Unless a small business generates profit that ultimately reflects in positive cash flows the business cannot survive in the long term.

The business owner will assume responsibility for the overall performance of the business, however, it should be remembered other managers with responsibilities for making products, delivering services, marketing, sales and so on will have their part to play in contributing to a profitable business.

All managers will need to be accountable for the contribution to profit their function is expected to make, and to succeed this will not only involve control of cost and/or sales pricing, but also the effective management of people, assets and liabilities.

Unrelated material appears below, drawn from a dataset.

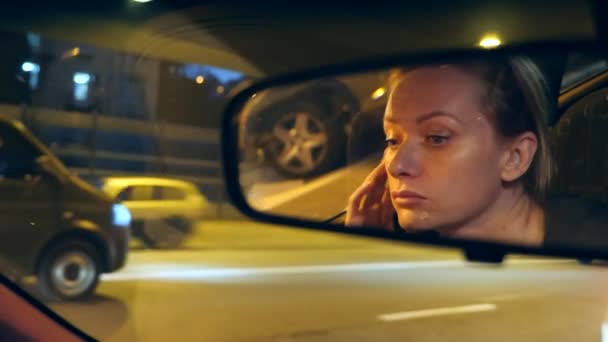Riflessione di un volto femminile con gli occhi azzurri nello specchio retrovisore, donna al volante di notte, luci notturne della città offuscate e fari dell'auto. 4k, rallentatore — Video Stock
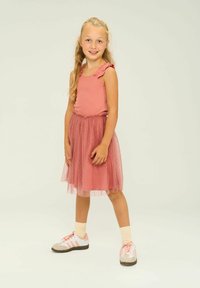 Rosa linne med volangärmar, lager av tylkjol och vita sneakers med rosa ränder. Mot en enkel ljus bakgrund.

Not all managers should be expected to feel comfortable adapting to this environment.   Not all managers will possess the skill set required to achieve the profit demands made unless they are trained how to do so and are comfortable to move ‘outside their comfort zone'.

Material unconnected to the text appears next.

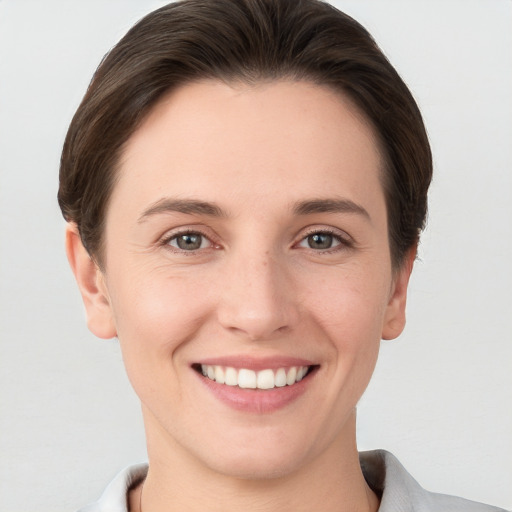 Joyful white young-adult female with short  brown hair and grey eyes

The Finance Director will be deemed to be the financial expert and may offer guidance to other managers in dealing with these issues.

What should the Finance Director do?

There are many ways in which the Finance Director can contribute and 7 important actions are:
     1   Ensure everyone is aware of the financial goals, the forecast or budget and that all mangers ‘buy into' the numbers.
     2.  Encourage staff to be trained in identifying areas of waste that give rise to higher costs, for example scrap products, and encourage them to identify the causes of such waste and eliminate it.
     3.  Explain the need to introduce radical change that offers higher returns, rather than having more of the same.   Encourage risk taking.
     4.  Engender an environment of ‘If it was my money what decision would I take?'
     5.  Demand higher levels of customer satisfaction; not only external but internal also.
     6.  Review and improve all channels of communication.
     7.  Regularly review actual performance with managers against the plans and take corrective action if necessary to ensure the goals are achieved.